Pietrasanta • Audrey Guttman at Futura Gallery
The exhibition focuses on the dialogue between the Belgian artist and the writer Jiri Kolar. 27 collages on display
Love, memory and the relationship between past, present and future are the themes explored in a mixture of different media
“Beyond the Face” is the title of Audrey Guttman’s exhibition, hosted by Futura Art Gallery in Pietrasanta, until August 7th. Curated by Chiara Vecchiarelli, professor at the École Normale Superiore in Paris and member of the coordinating committee of the Forum of Italian contemporary art. The exhibition focuses on the dialogue between the works of the Belgian multidisciplinary artist with those of Jiri Kolar, Czech poet and writer, revealing the deep links between the two imaginaries.

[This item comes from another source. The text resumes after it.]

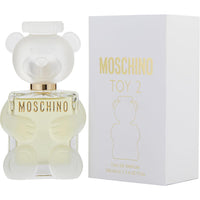 Moschino Toy 2 by Moschino, 3.4 oz Eau De Parfum Spray for Women ,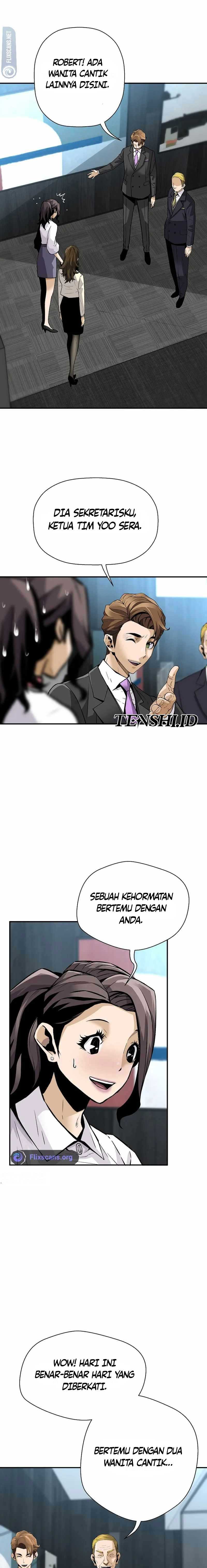 Return of the Legend Chapter 124 Gambar 20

The poetics of Kolar persecuted and censored by the communist regime and imprisoned in 1953 because he was considered subversive, is in fact recalled by the mixture between texts and images that we find in the figure of Guttman. 27 collages on paper, all realized in the last year and one dated 2020, are the corpus of works present in the solo exhibition which focus on the human figure. Fragments of bodies and faces are deconstructed and reconstructed in the process of researching new connections and parallels between them and the society in which we live.
Love, memory and the relationship between past, present and future are among the themes explored here, with a harmonious mixture of different media that allows our inner contradictions to emerge without forcing them, but leading the investigation with a sensitive and delicate look at the past. The aesthetic potential of anatomical structures finds space to play with poems and clippings in a new assembly of images, words and colors with a strong compositional balance. Connections between bodies, parts of hands and faces, anthropomorphic silhouettes sampled with mechanical details, games of projections of light and shadow describe a dreamlike dimension that contemplates the strong surrealist tradition originating from the country of origin of the artist.
The aesthetic potential of the anatomical structures play with poems and cutouts in an unpublished assemblage
The femininity that characterizes some of the subjects finds in the sinuous lines a further field of expression, a space in which to free oneself. Awarded the artist residency at the Hangar Photo Art Center in Brussels, she lives and works in Paris, where she earned two masters in art history, art theory and literature and a degree in political science. In 2020 she published a book titled “Making Arrangements”; and her resume of exhibitions are already substantial, despite the young age, ranging with exhibitions from France to Belgium to Italy. “Little Athens”, the nickname with which Pietrasanta is known, draws on a historical context to decline, with this initiative, a glimpse at the future.